Wichtig ist den Verantwortlichen im Ostalbkreis die Feststellung, dass Alkoholprävention nicht isoliert durchgeführt wird, sondern in einem engen inhaltlichen Zusammenhang mit den sonstigen Maßnahmen zur Suchtprävention steht. Auch wurde immer Wert darauf gelegt, diese zusätzlichen Projekte zur Alkoholprävention regelmäßig wiederkehrend durchzuführen bzw. gleich zu Beginn langfristig anzulegen. Dies kann für die vergangenen (jetzt schon:) Jahrzehnte festgestellt werden. Im Folgenden werden die Einzelprojekte vorgestellt, die – ergänzend zu den primär- und sekundärpräventiven Konzepten – speziell für die Alkoholprävention entwickelt und gemeinsam mit den Partnern auf kommunaler Ebene umgesetzt wurden.
1. Alkoholfrei billiger
Bereits in den 1980er Jahren nahm sich der Arbeitskreis Suchtprophylaxe im Ostalbkreis (Gründungsjahr: 1984) unter Federführung der Landkreisverwaltung dem Aufgabenbereich Alkoholprävention an. Als eine der wesentlichen Problemstellungen, die auch von den in der Regel Ehrenamtlichen des Arbeitskreises angegangen werden können, war seinerzeit die Preisgestaltung in öffentlichen Gaststätten gesehen worden. In aller Regel waren alkoholische Getränke - und darunter wieder Bier - im Liter-Vergleich die deutlich am billigsten angebotenen. Dies legte die Schlussfolgerung nahe, dass Kinder und Jugendliche bei Aufenthalt in öffentlichen Gaststätten allein schon aus finanziellen Gründen zum Konsum alkoholischer Getränke veranlasst werden können. Aufgrund fehlender rechtlicher Eingriffsmöglichkeiten wurde deshalb versucht, durch eine möglichst zugkräftige Kampagne möglichst viele Gaststättenbetreiber dazu zu bewegen, auf freiwilliger Basis alkoholfreie Getränke billiger als Alkoholikas anzubieten. Gaststättenbetreiber, die sich an diesem Projekt beteiligten, sollten durch die öffentliche Nennung in Presseartikeln sowie die Verleihung einer Plakette "Alkoholfrei billiger" entsprechend ausgezeichnet werden.
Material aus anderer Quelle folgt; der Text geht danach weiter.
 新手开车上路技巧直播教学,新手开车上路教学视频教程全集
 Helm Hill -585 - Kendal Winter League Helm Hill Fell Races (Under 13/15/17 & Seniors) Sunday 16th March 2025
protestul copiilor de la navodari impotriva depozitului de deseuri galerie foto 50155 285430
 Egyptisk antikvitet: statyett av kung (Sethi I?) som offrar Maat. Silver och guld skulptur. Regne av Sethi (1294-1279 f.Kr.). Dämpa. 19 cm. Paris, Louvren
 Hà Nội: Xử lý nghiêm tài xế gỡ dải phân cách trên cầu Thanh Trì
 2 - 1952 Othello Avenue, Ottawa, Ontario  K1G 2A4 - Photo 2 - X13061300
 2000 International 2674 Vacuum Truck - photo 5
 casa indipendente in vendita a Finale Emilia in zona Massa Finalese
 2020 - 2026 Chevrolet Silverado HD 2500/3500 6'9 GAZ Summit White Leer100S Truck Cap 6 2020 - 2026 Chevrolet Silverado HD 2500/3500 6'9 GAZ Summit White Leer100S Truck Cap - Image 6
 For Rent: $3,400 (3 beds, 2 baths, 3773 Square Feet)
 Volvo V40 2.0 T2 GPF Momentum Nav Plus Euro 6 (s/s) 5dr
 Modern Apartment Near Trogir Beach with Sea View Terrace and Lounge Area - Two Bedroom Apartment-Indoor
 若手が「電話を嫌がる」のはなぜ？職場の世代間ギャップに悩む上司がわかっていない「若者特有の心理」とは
Im Verlauf des Projektes wurden ca. 1.300 Gaststätten von der Kreisverwaltung angeschrieben und um Mitarbeit gebeten. Sie sollten dem Landratsamt rückmelden, ob und – wenn ja – welches Getränk billiger als das billigste alkoholische angeboten wird. Die Zusendung einer Kopie der Getränkekarte diente hierfür als Beleg.
Das Projekt wurde vom Arbeitskreis Suchtprophylaxe im 2-jährigen Rhythmus bis einschließlich 1992 regelmäßig durchgeführt. Die Beteiligungsquote lag durchschnittlich bei (anfänglich) 10 bis 7 Prozent. An diesem Projekt war die geringe Beteiligung gewerblicher Anbieter (Gaststätten, Bars, Cafes) sehr auffallend. Große Resonanz dagegen erfuhr es bei Vereinsgaststätten und Jugendhäusern. Die mangelnde Bereitschaft gewerblicher Unternehmer wurde von diesen überwiegend damit begründet, dass die Pachtverträge in der Regel mit Brauereien abgeschlossen und diese sowohl eine klare Preisregelung als auch Mindestabnahmemengen an Bier vorsehen würden.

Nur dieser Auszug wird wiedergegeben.